**Task brief:** With no line left out, restate the data word for word.

[Short descriptive text snippets]
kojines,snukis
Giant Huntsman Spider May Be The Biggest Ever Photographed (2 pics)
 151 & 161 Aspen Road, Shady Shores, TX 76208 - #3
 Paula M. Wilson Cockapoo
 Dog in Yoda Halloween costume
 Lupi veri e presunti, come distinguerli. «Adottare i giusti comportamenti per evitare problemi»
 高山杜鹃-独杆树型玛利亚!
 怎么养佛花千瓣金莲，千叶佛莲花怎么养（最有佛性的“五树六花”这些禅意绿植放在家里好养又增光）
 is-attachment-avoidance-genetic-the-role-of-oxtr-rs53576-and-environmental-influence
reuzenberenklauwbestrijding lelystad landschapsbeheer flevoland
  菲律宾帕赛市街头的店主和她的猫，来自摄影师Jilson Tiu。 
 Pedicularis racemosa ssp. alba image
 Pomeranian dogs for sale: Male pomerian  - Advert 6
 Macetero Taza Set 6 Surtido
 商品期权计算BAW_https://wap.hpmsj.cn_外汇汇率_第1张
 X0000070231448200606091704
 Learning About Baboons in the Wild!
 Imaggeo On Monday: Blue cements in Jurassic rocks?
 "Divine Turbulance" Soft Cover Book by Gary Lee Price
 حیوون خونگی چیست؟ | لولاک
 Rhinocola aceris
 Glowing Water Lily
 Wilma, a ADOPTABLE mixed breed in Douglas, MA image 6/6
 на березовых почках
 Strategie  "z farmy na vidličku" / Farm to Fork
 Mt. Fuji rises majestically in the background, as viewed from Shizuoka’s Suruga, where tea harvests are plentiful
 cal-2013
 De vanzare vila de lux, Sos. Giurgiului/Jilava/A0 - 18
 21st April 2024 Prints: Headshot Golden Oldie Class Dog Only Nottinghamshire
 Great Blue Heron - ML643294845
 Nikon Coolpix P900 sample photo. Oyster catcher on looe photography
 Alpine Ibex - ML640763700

**Finished exercise:**
kojines,snukis
Giant Huntsman Spider May Be The Biggest Ever Photographed (2 pics)
 151 & 161 Aspen Road, Shady Shores, TX 76208 - #3
 Paula M. Wilson Cockapoo
 Dog in Yoda Halloween costume
 Lupi veri e presunti, come distinguerli. «Adottare i giusti comportamenti per evitare problemi»
 高山杜鹃-独杆树型玛利亚!
 怎么养佛花千瓣金莲，千叶佛莲花怎么养（最有佛性的“五树六花”这些禅意绿植放在家里好养又增光）
 is-attachment-avoidance-genetic-the-role-of-oxtr-rs53576-and-environmental-influence
reuzenberenklauwbestrijding lelystad landschapsbeheer flevoland
  菲律宾帕赛市街头的店主和她的猫，来自摄影师Jilson Tiu。 
 Pedicularis racemosa ssp. alba image
 Pomeranian dogs for sale: Male pomerian  - Advert 6
 Macetero Taza Set 6 Surtido
 商品期权计算BAW_https://wap.hpmsj.cn_外汇汇率_第1张
 X0000070231448200606091704
 Learning About Baboons in the Wild!
 Imaggeo On Monday: Blue cements in Jurassic rocks?
 "Divine Turbulance" Soft Cover Book by Gary Lee Price
 حیوون خونگی چیست؟ | لولاک
 Rhinocola aceris
 Glowing Water Lily
 Wilma, a ADOPTABLE mixed breed in Douglas, MA image 6/6
 на березовых почках
 Strategie  "z farmy na vidličku" / Farm to Fork
 Mt. Fuji rises majestically in the background, as viewed from Shizuoka’s Suruga, where tea harvests are plentiful
 cal-2013
 De vanzare vila de lux, Sos. Giurgiului/Jilava/A0 - 18
 21st April 2024 Prints: Headshot Golden Oldie Class Dog Only Nottinghamshire
 Great Blue Heron - ML643294845
 Nikon Coolpix P900 sample photo. Oyster catcher on looe photography
 Alpine Ibex - ML640763700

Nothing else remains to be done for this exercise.